Spécialisée dans le relevé des adresses IP de P2Pistes sur Internet et dans le sabotage des réseaux P2P par la diffusion de nombreux « fakes » destinés à décourager les utilisateurs, la société MediaDefender a le bec dans l’eau. Noyée sous les dettes qu’elle n’arrive pas à rembourser, la maison mère envisage désormais la faillite mais tente un dernier virage pour s’en sortir : collaborer avec les P2Pistes après les avoir chassés.

Que Advestigo et CoPeer-Right Agency se le disent, lutter contre les P2Pistes ne fait pas recette bien longtemps. Racheté 42,5 millions de dollars par ARTISTDirect en 2005, le spécialiste de la chasse aux pirates et de la pollution des réseaux P2P MediaDefender compte ses jours de survie avec angoisse. Déjà lynchée par la bourse, la société a indiqué à l’occasion de la publication de ses résultats trimestriels pour le premier trimestre de l’année 2007 que « le chiffre d’affaires lié aux activités anti-piratage de MediaDefender a baissé en 2007 par rapport à 2006, et la direction anticipe une baisse plus importante en 2008« .

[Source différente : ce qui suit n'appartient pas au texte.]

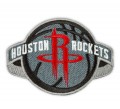 Houston Rockets Style-3 Embroidered Sew On Patch
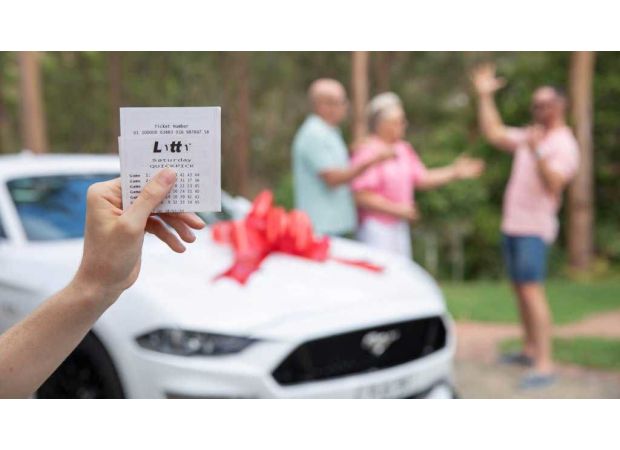 Authorities searching for two unidentified lottery winners who both received $2 million in prizes.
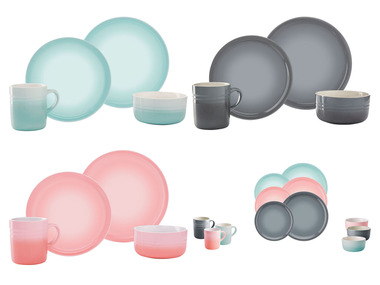 Service combiné, 24 pièces, en porcelaine ERNESTO®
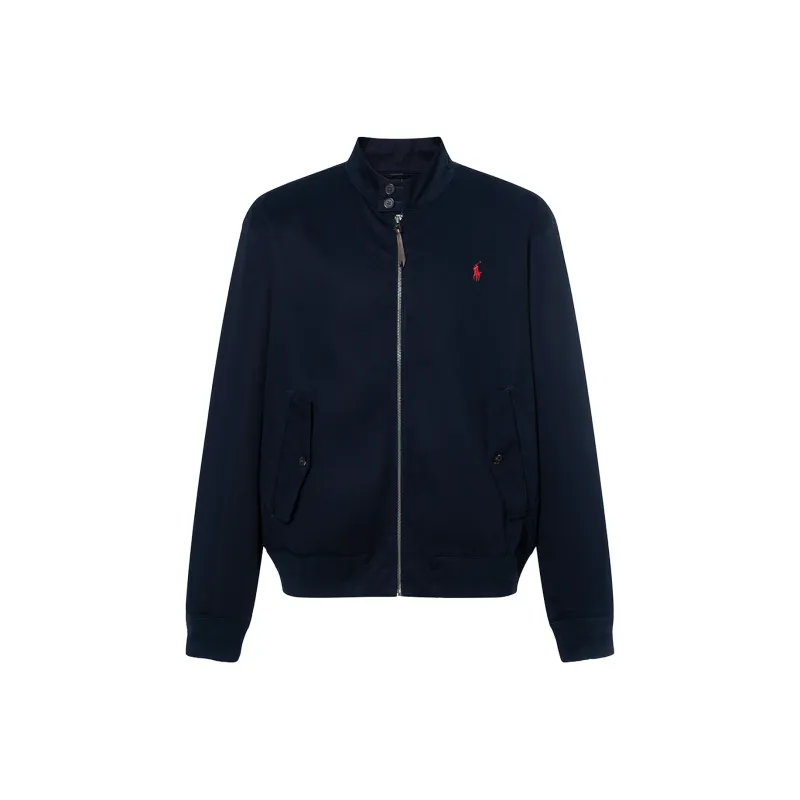 Polo Ralph Lauren Twill Lined Windbreaker Jacket-0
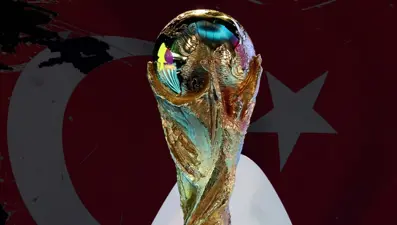Türkiye'nin Dünya Kupası'na katılması halinde fikstürü belli oldu! Sabah 05.00'te oynanacak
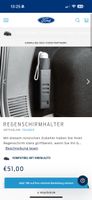 Ford Regenschirmhalter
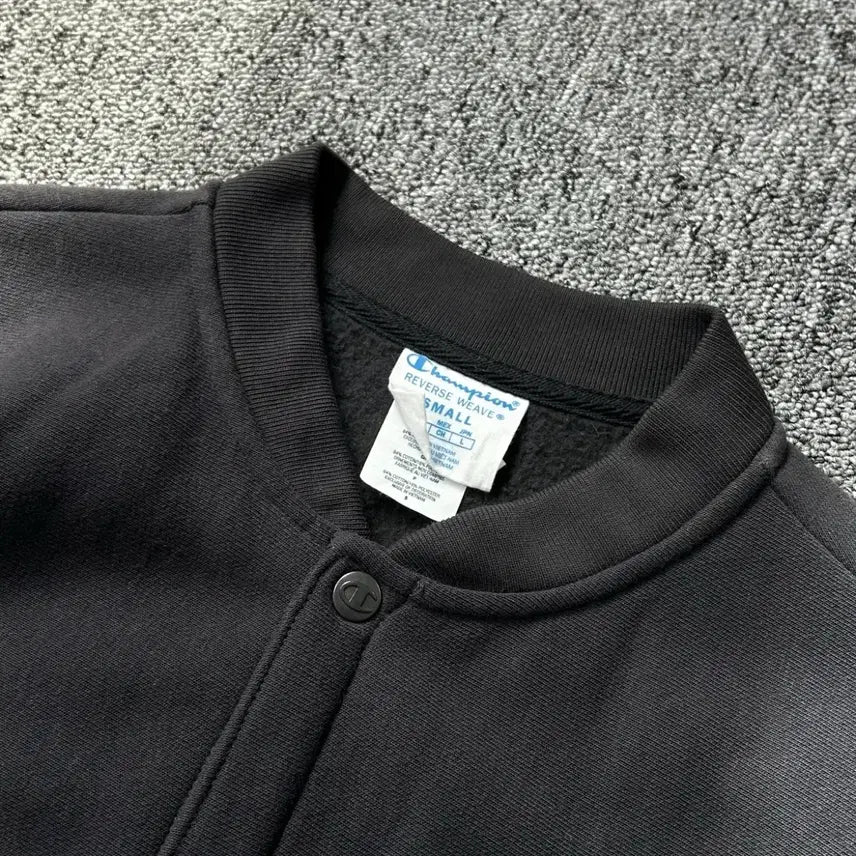 [BUNJANG] Champion Reverse Weave Stadium Varsity Jacket / 챔피온 리버스위브 스타디움 바시티 자켓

La société a réalisé 2,89 millions de dollars de chiffre d’affaires au premier trimestre 2008, contre 3,84 millions pour la même période l’an dernier. Soit une baisse d’activité de 25 % en un an, et ça n’est qu’un début. Mais surtout, on découvre dans les documents soumis à l’autorité boursière que la société ARTISTDirect est criblée de dettes, et qu’elle n’arrive plus à surmonter ses dépenses. Mise au pied du mur par ses actionnaires, elle a engagé le 7 février dernier les services d’un cabinet de conseil financier pour trouver une issue, qui semble fatale.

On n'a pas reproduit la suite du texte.